Jennifer M. Wilson's novel approaches the horror and injustice of the Salem witch trials from a different angle than most other books on the subject. Witch dramatizes the life story of one woman who would ultimately become the first person executed in the Massachusetts witch-hunt madness.
Bishop, at the time of her death on June 10th, 1692, was a prosperous and
somewhat scandalous tavern owner. Twice-widowed and now married to a
respected sawyer, she had been accused of witchcraft the first time after the
death of her second husband, Thomas Oliver, who left behind no will to delimit
the disposition of his property.

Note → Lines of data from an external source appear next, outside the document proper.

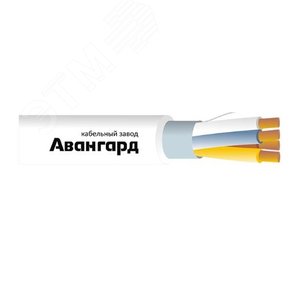 Кабель КПСВЭВнг-LS LTx 2x2x0.5 УТ0006484 АВАНГАРД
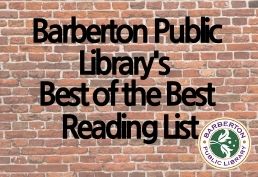 Best of the Best Reading List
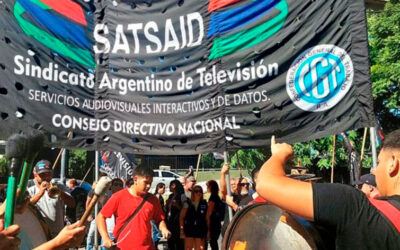 El SATSAID impulsa derechos laborales para trabajadores del streaming y avanza en la regulación del sector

During their tempestuous marriage, the couple
was punished several times for public quarreling, and Oliver said at one point
that Bridget was "a bad wife" who "sat up all
night with the devil." Although exonerated in this first inquiry in
1690, the notoriety accompanying the accusations likely led to the later
charges and her death by hanging.
Wilson presents us with a Bridget Bishop whose mother died when Bridget was but a baby, whose father hoped to groom her for a good marriage though he would offer no dowry, who had an affair with her tutor at fourteen. Drawn after the heartbreak of an impossible dream to the austerity and high moral ground of Puritanism, she
marries, leaves for the Massachusetts Bay Colony, works in a tavern, miscarries,
and is widowed when smallpox sweeps through the area.
It is the death of her
first husband, George Wassalbe, that seems to bring out the independent spirit
and lack of concern for the opinions of others that so characterizes Bridget. She opens her home to a midwife and herbalist, an older woman who is
herself considered "different", and during their sojourn begins to brew her own
beer to sell to area taverns. She gives up this quiet existence (but not
wihthout regrets) when the unfulfilled desire for a child leads to her mostly unhappy
marriage with Thomas Oliver.
Bridget's story is as important for the backdrop it presents as it is for the telling of her
life. The harsh sterility of the Puritans in the colonies stoked a powder keg of repression lit by the anxiety of economic and political pressures. Witch hunts have become more sophisticated
since then - McCarthy went after godless Communists, not dabblers in the paranormal, for instance - but are still around
in one form or another. As long as powerful people promote a culture of fear and
dare name the bogeyman of the hour, and as long as society at large allows
itself to be sucked in by exaggerations and lies, Bridget Bishop's story will
ever be repeated, the only difference in the details. The only way we can combat such hysteria is through, as Frances Hill's A Delusion of Satan suggests, "constant reminders of common humanity."